### Pegasus-TML

#### Additional pre-training task on encoder Pegasus to gain knowledge of Control-flow relations in processes
- Experiment:
    - Pegasus is given another pre-training task, Control-flow Relation Learning, using Triplet Margin Loss (TML) training 
    - Based on the control-flow relations exist in the processes, triplets (anchor, pos, neg) are extracted from the process text 
- Process data:
    - Triplets (anchor, pos, neg)
- Outline:
    - Track the experiment and its results with WandB (Weights & Biases)
    - Define the experiment, data loading, training and validation 
    - Validation loss is tracked to apply early stopping and prevent overfitting

#### Reference
- Pegasus Hugging Face: 
https://huggingface.co/docs/transformers/model_doc/pegasus
- Hugging Face Fine-tuning Transformer tutorial:
https://huggingface.co/docs/transformers/training
- TripletMarginLoss:
https://pytorch.org/docs/stable/generated/torch.nn.TripletMarginLoss.html
- WandB pipeline:
https://colab.research.google.com/github/wandb/examples/blob/master/colabs/pytorch/Simple_PyTorch_Integration.ipynb#scrollTo=FH61NWlVR_SL
- Early stopping:
https://wandb.ai/ayush-thakur/huggingface/reports/Early-Stopping-in-HuggingFace-Examples--Vmlldzo0MzE2MTM

#### Environment Setup 
- Amazon SageMaker Studio
- Kernel - Python 3 (Data Science)

In [2]:
# %%capture
# !pip3 install torch==1.10.1+cu113 torchvision==0.11.2+cu113 torchaudio==0.10.1+cu113 -f https://download.pytorch.org/whl/cu113/torch_stable.html
# !pip3 install transformers
# !pip3 install sentencepiece
# !pip3 install wandb --upgrade

#### Import Libraries

In [3]:
import json
import random
import numpy as np
import pandas as pd

import torch
import torch.nn as nn
import torch.nn.functional as F
from torch.utils.data import Dataset, DataLoader
from transformers import PegasusForConditionalGeneration, PegasusTokenizerFast
from transformers.optimization import Adafactor
from tqdm.auto import tqdm

import wandb

The cache for model files in Transformers v4.22.0 has been updated. Migrating your old cache. This is a one-time only operation. You can interrupt this and resume the migration later on by calling `transformers.utils.move_cache()`.

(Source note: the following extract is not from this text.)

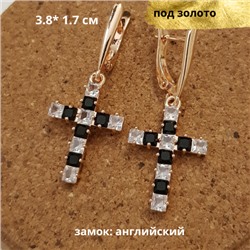 Серьги крестики позолоченные, коллекция Дубай, с квадратным камнем 37149, арт.847.502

Moving 0 files to the new cache system


0it [00:00, ?it/s]

#### WandB Setup

In [4]:
# Ensure deterministic behavior
torch.backends.cudnn.deterministic = True
random.seed(hash("setting random seeds") % 2**32 - 1)
np.random.seed(hash("improves reproducibility") % 2**32 - 1)
torch.manual_seed(hash("by removing stochasticity") % 2**32 - 1)
torch.cuda.manual_seed_all(hash("so runs are repeatable") % 2**32 - 1)

In [5]:
# Device configuration
device = torch.device("cuda:0" if torch.cuda.is_available() else "cpu")

In [6]:
wandb.login()

ERROR:wandb.jupyter:Failed to detect the name of this notebook, you can set it manually with the WANDB_NOTEBOOK_NAME environment variable to enable code saving.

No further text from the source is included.